Advice for the Small Business Owner
Keep a separate savings or checking account for saving taxes. When you are self-employed you will have to actually pay taxes instead of just waiting on that refund check. You should periodically be putting money aside to pay your taxes. Personally I keep a checking account nicknamed Tax Account. Each month when I am paying myself, I put a certain percentage into the Tax Account. When it comes time to pay those estimated taxes I have the money ready to go.
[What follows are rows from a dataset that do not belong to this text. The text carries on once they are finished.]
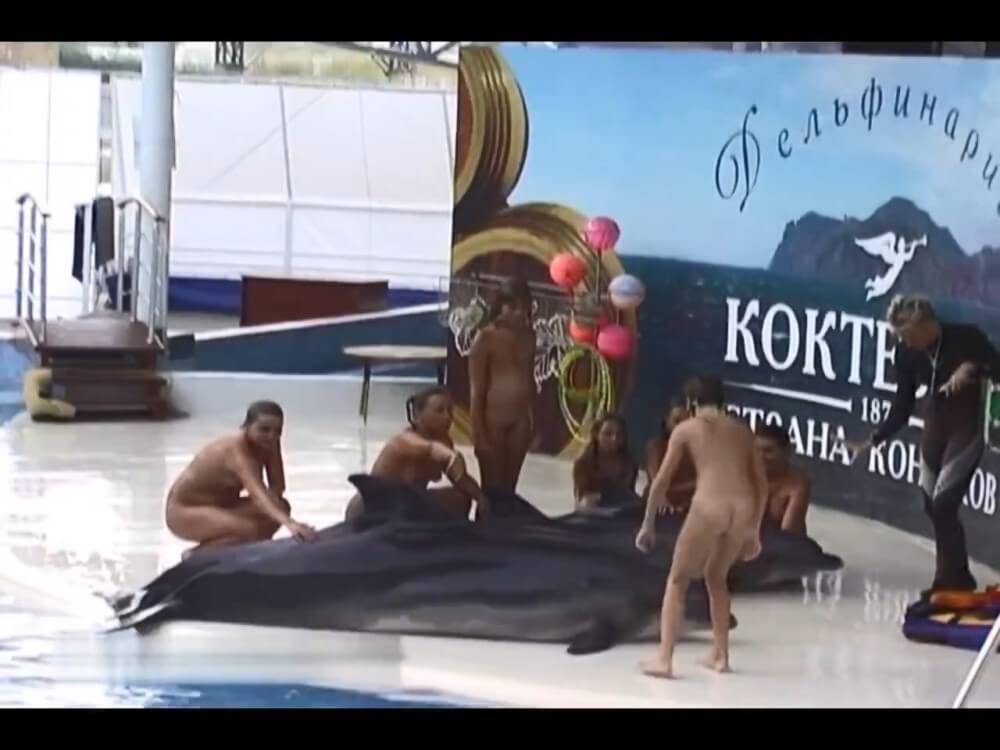 Relaxing at the dolphinarium - Lightheartedness and ease are characteristic features of the practice of nudism and naturism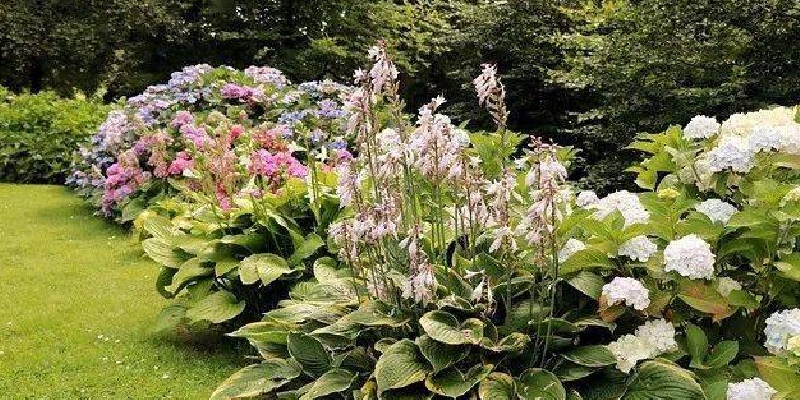 Hosta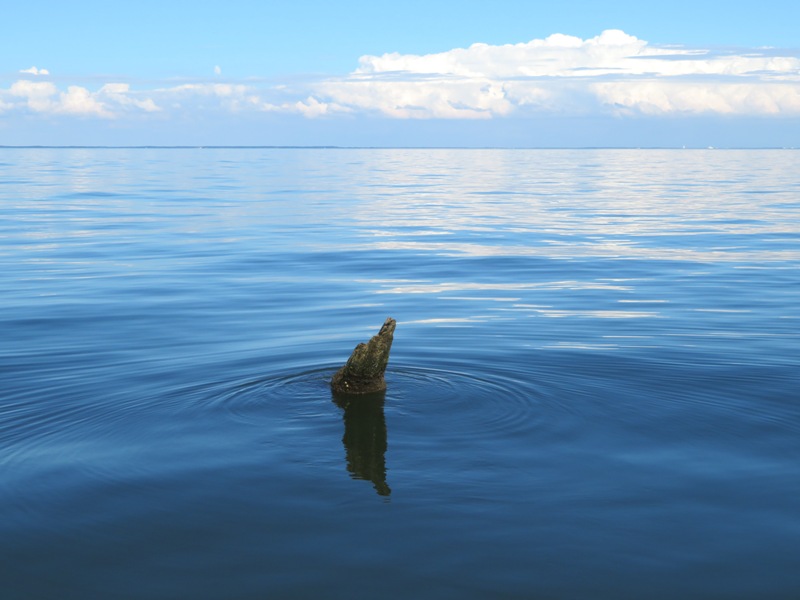 Log sticking out of the water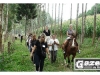 turismo-rural-36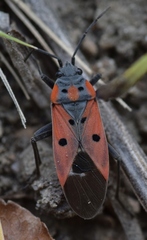 Lygaeus creticus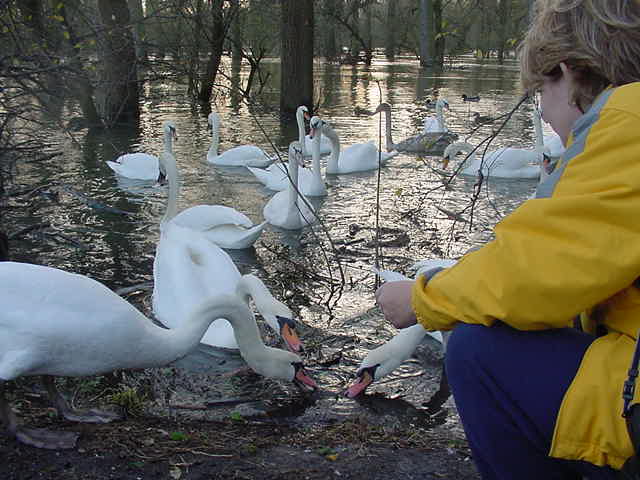 dsc00151.jpg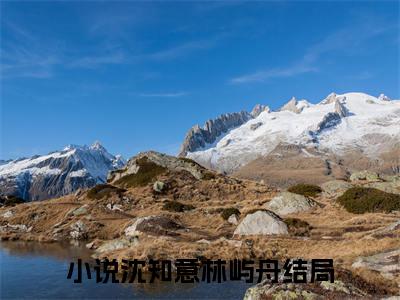 沈知意林屿舟小说大结局免费阅读-完结版沈知意林屿舟小说免费阅读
Keep records and keep receipts for tax deduction purposes. Categorize it as you go, advertising, rent, salaries, etc. You can buy software that will help you with all of this. If you are somewhat tech-savvy, a cheap and easy way to keep track of this is to set up spreadsheets in excel. At the end of the year export it to Access and run a query on your data. You will know exactly how much you spent on each category. You can then easily translate this to your taxes and create a profit/loss statement. If this seems to be too much, it is never a bad thing to hire a good bookkeeper.
Remember one of the most important traits of a successful small business owner is being proactive. Be thinking 2 steps ahead and you will be fine when it comes to taxes.